EXERCISE OBJECTIVE:
Leaving out the pictures, output each record exactly as it stands.
== == ==
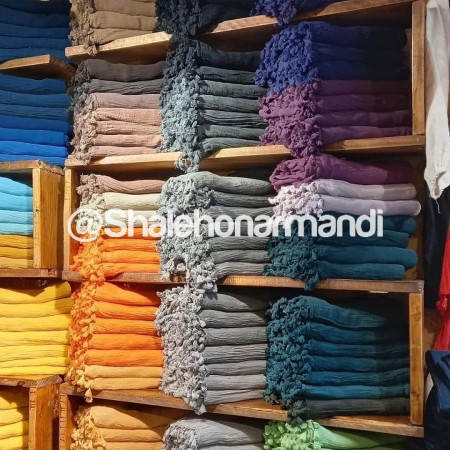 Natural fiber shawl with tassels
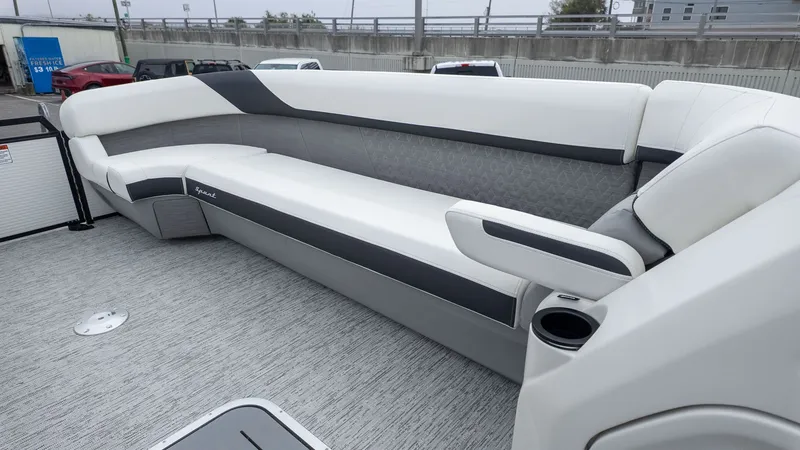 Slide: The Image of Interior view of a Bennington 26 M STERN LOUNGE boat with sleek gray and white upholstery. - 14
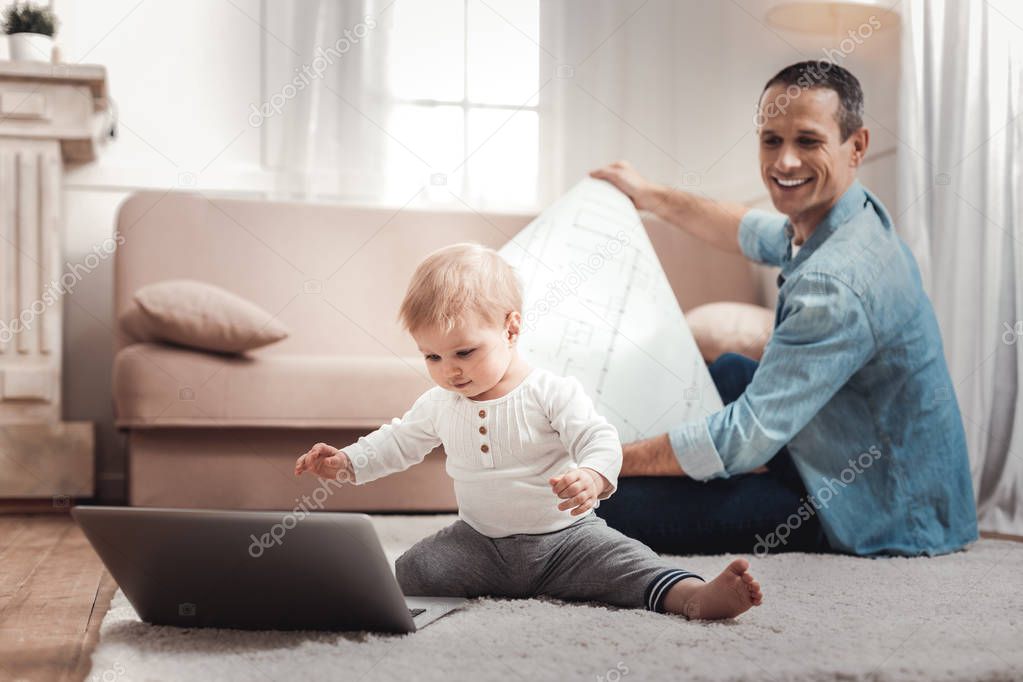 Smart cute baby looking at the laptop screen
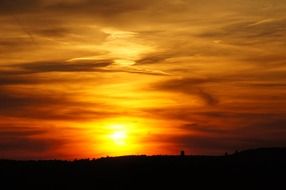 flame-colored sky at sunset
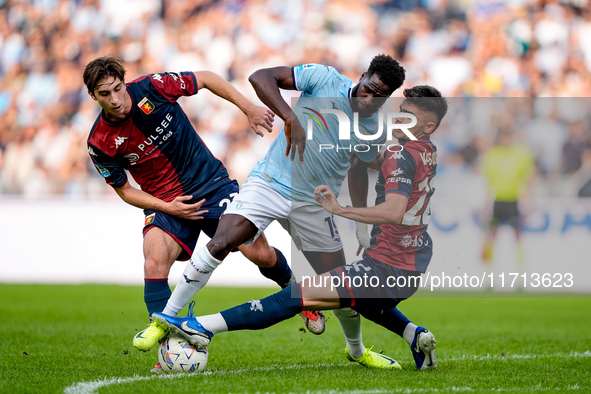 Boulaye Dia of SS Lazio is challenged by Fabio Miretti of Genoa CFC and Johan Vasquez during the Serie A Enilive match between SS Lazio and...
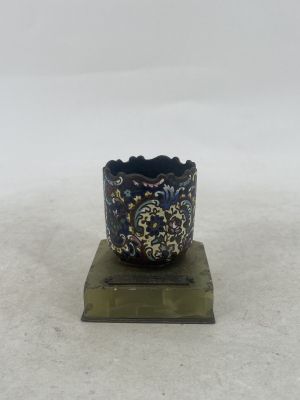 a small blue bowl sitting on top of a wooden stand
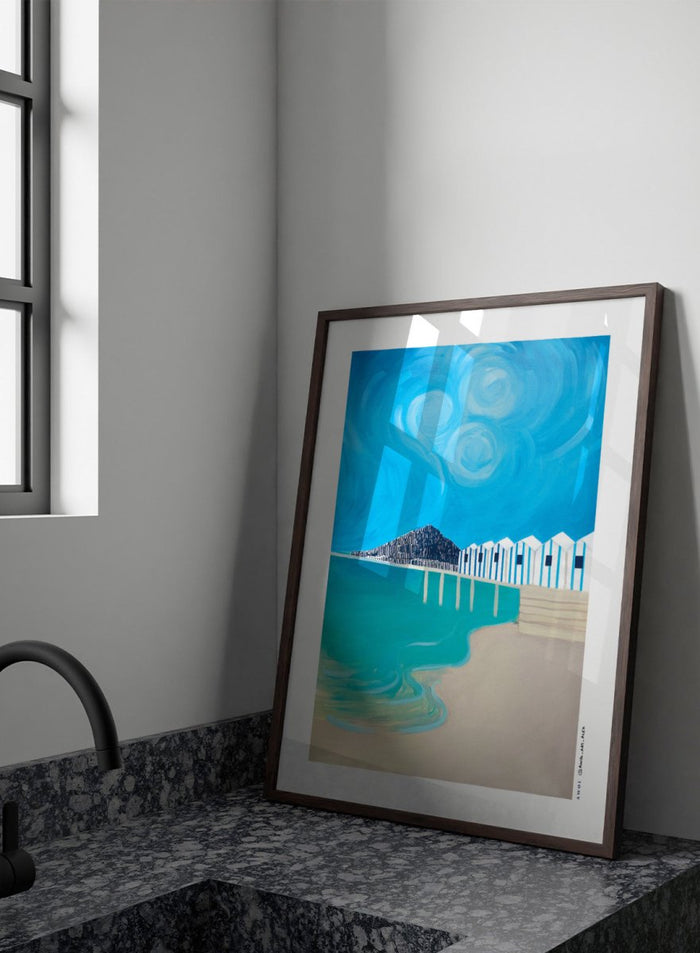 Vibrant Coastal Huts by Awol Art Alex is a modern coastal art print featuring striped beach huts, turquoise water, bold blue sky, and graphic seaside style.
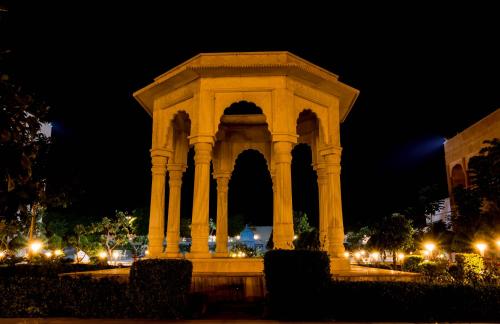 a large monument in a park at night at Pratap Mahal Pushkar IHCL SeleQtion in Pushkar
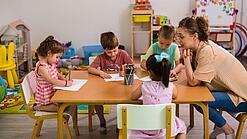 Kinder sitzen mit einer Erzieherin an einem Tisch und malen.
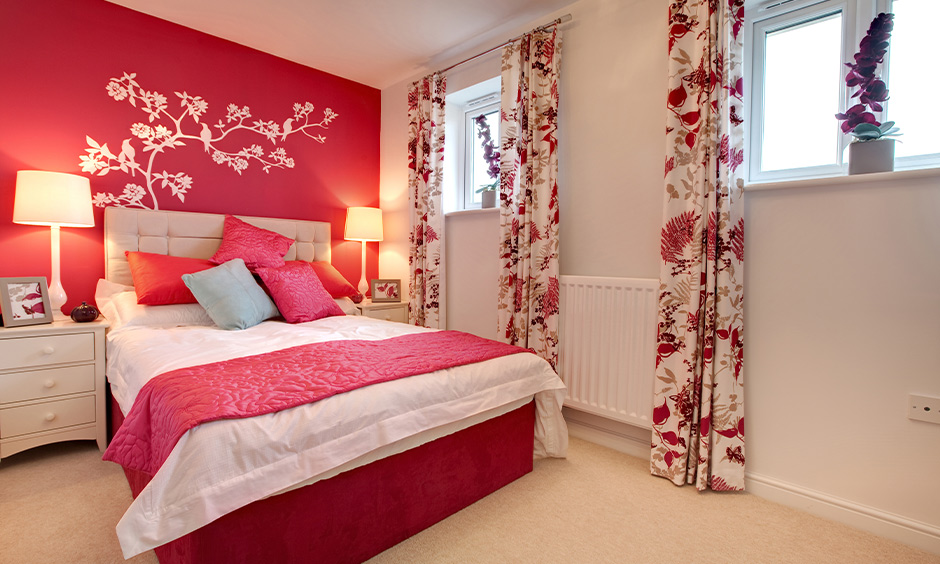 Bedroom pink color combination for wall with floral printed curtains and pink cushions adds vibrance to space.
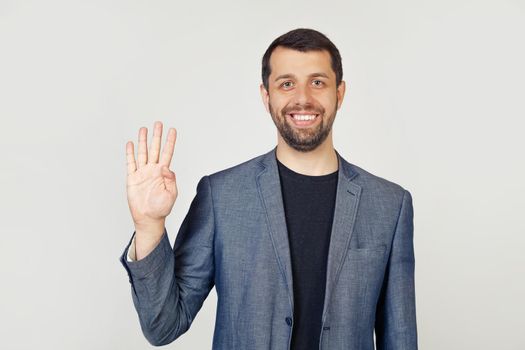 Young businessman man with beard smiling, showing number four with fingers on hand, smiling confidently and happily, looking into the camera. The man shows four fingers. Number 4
== == ==
RESPONSE TO THIS TASK:
 Natural fiber shawl with tassels
 Slide: The Image of Interior view of a Bennington 26 M STERN LOUNGE boat with sleek gray and white upholstery. - 14
 Smart cute baby looking at the laptop screen
 flame-colored sky at sunset
 Boulaye Dia of SS Lazio is challenged by Fabio Miretti of Genoa CFC and Johan Vasquez during the Serie A Enilive match between SS Lazio and...
 a small blue bowl sitting on top of a wooden stand
 Vibrant Coastal Huts by Awol Art Alex is a modern coastal art print featuring striped beach huts, turquoise water, bold blue sky, and graphic seaside style.
 a large monument in a park at night at Pratap Mahal Pushkar IHCL SeleQtion in Pushkar
 Kinder sitzen mit einer Erzieherin an einem Tisch und malen.
 Bedroom pink color combination for wall with floral printed curtains and pink cushions adds vibrance to space.
 Young businessman man with beard smiling, showing number four with fingers on hand, smiling confidently and happily, looking into the camera. The man shows four fingers. Number 4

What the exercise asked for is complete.